Output the records exactly as they appear, with no pictures included.

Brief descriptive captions
# # #
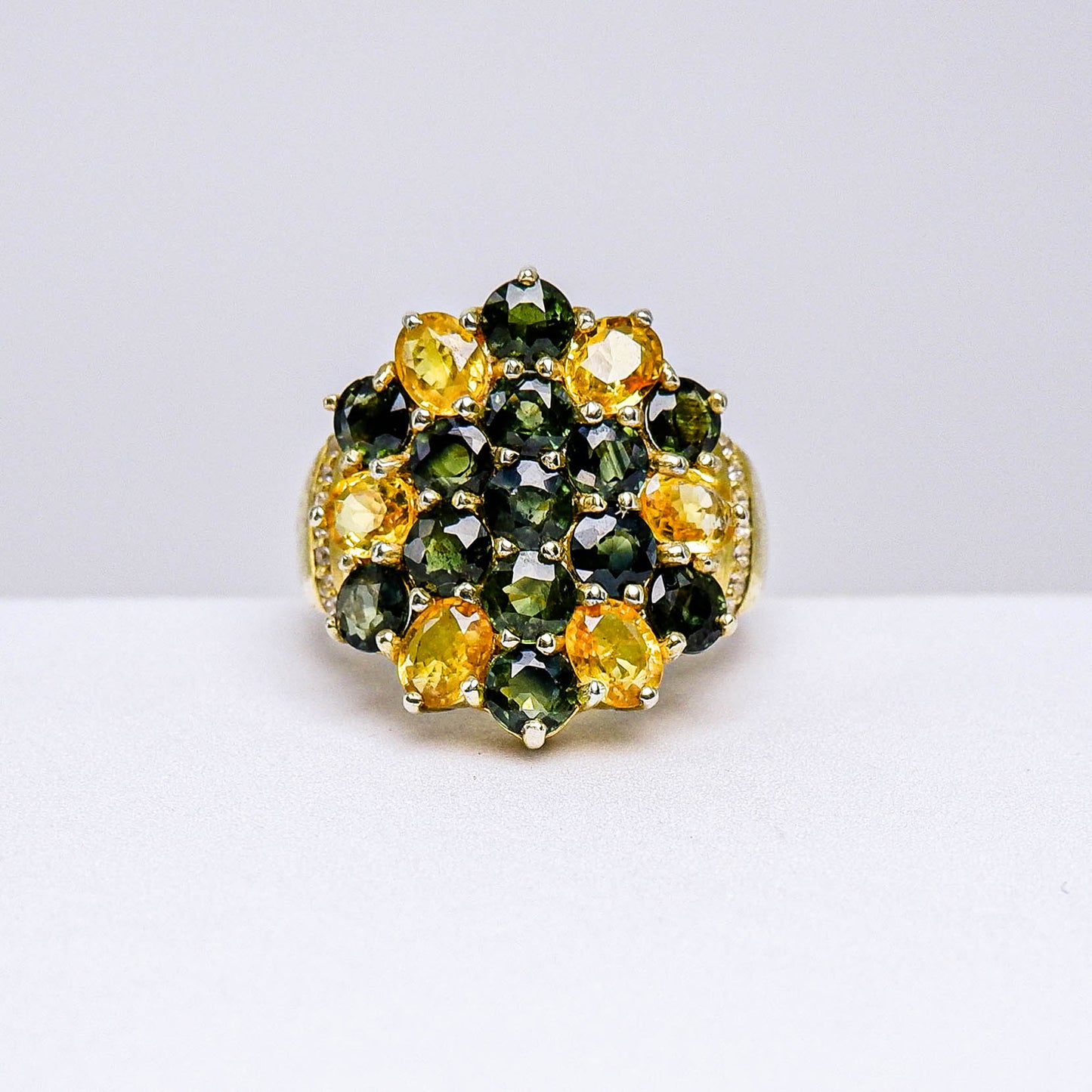 แหวนเงินแท้ 925 ฝังพลอย เขียวส่อง (green Sapphire) + บุษราคัม (Yellow Sapphire) + เซอร์คอน (Zircon)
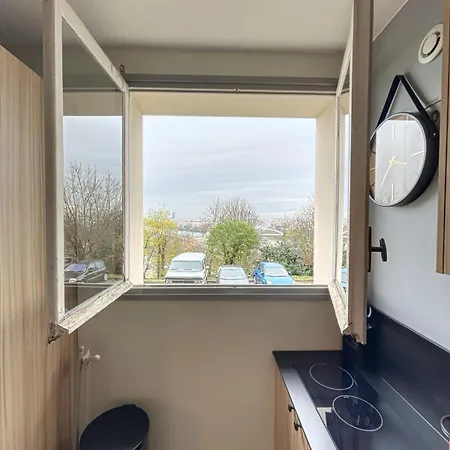 Appartement Cozy Renovated With Cinema Atmosphere And View *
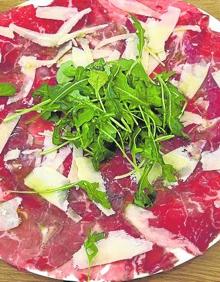 Imagen secundaria 2 - Arriba, entrecot acompañado de patatas fritas y pimientos verdes. Abajo, gambas frescas de Huelva y carpaccio con láminas de entrecot con rúcula y parmesano.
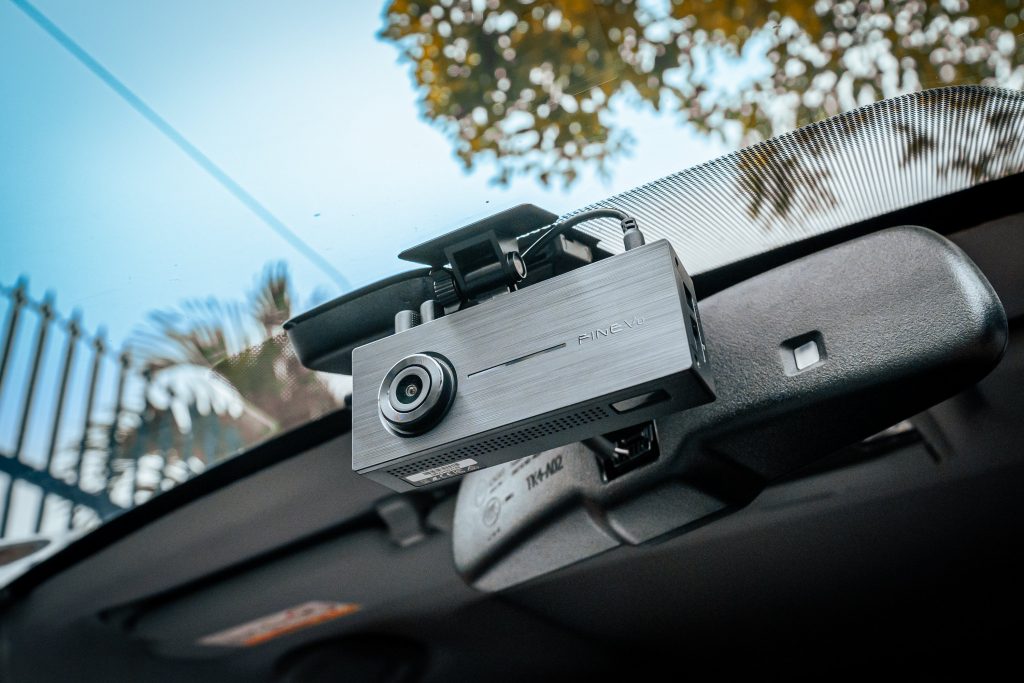 Camera hành trình nhỏ gọn cho ô tô giá rẻ Finevu GX33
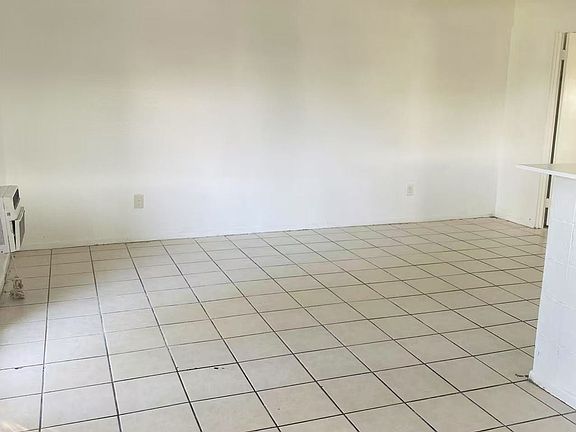 5th image of 1121 W Fay Ln #1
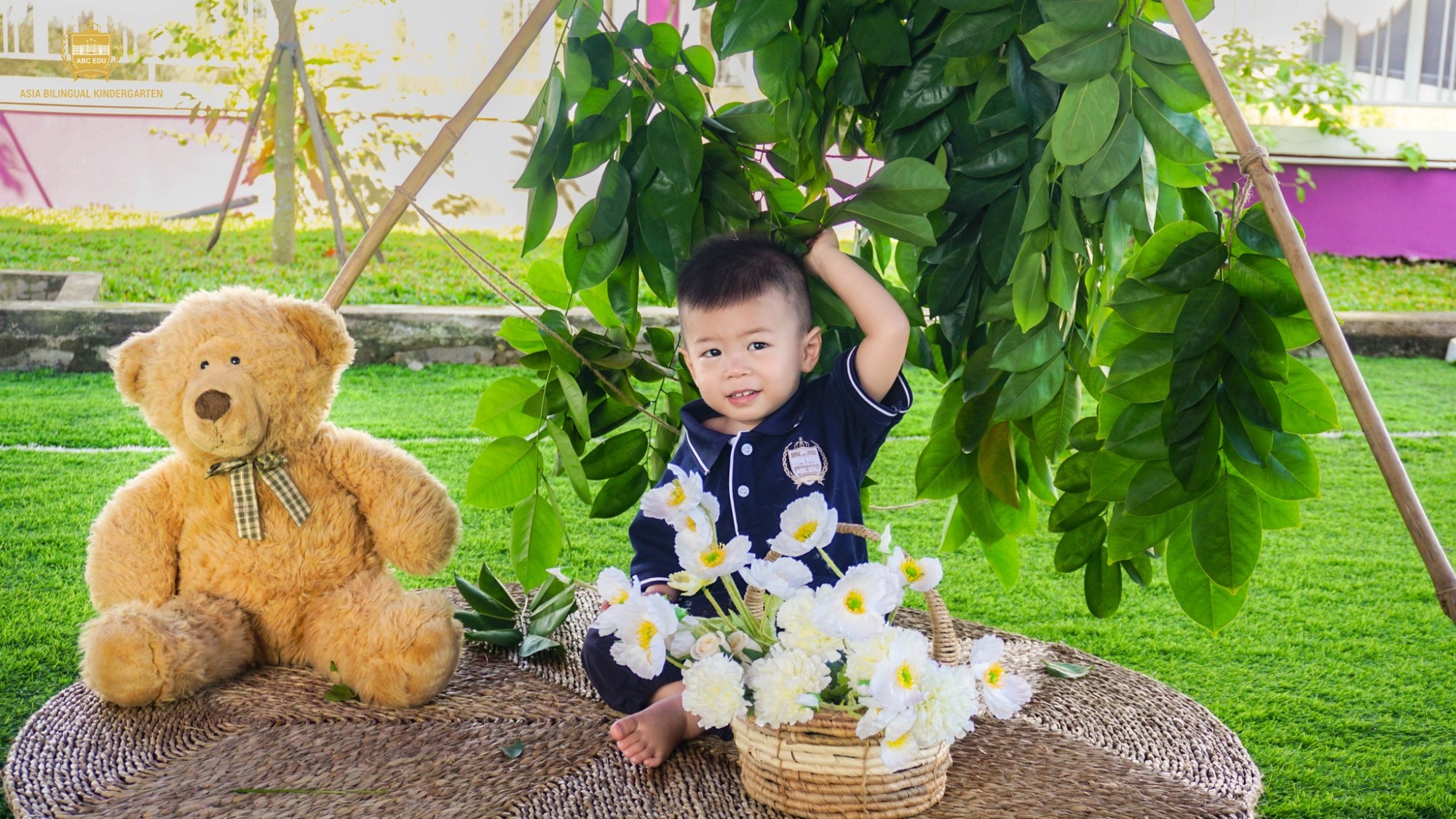 HOẠT ĐỘNG NGOÀI TRỜI  “NGÔI NHÀ YÊU THƯƠNG” TỪ NHỮNG CHIẾC LÁ XANH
# # #
Solution to this exercise
 แหวนเงินแท้ 925 ฝังพลอย เขียวส่อง (green Sapphire) + บุษราคัม (Yellow Sapphire) + เซอร์คอน (Zircon)
 Appartement Cozy Renovated With Cinema Atmosphere And View *
 Imagen secundaria 2 - Arriba, entrecot acompañado de patatas fritas y pimientos verdes. Abajo, gambas frescas de Huelva y carpaccio con láminas de entrecot con rúcula y parmesano.
 Camera hành trình nhỏ gọn cho ô tô giá rẻ Finevu GX33
 5th image of 1121 W Fay Ln #1
 HOẠT ĐỘNG NGOÀI TRỜI  “NGÔI NHÀ YÊU THƯƠNG” TỪ NHỮNG CHIẾC LÁ XANH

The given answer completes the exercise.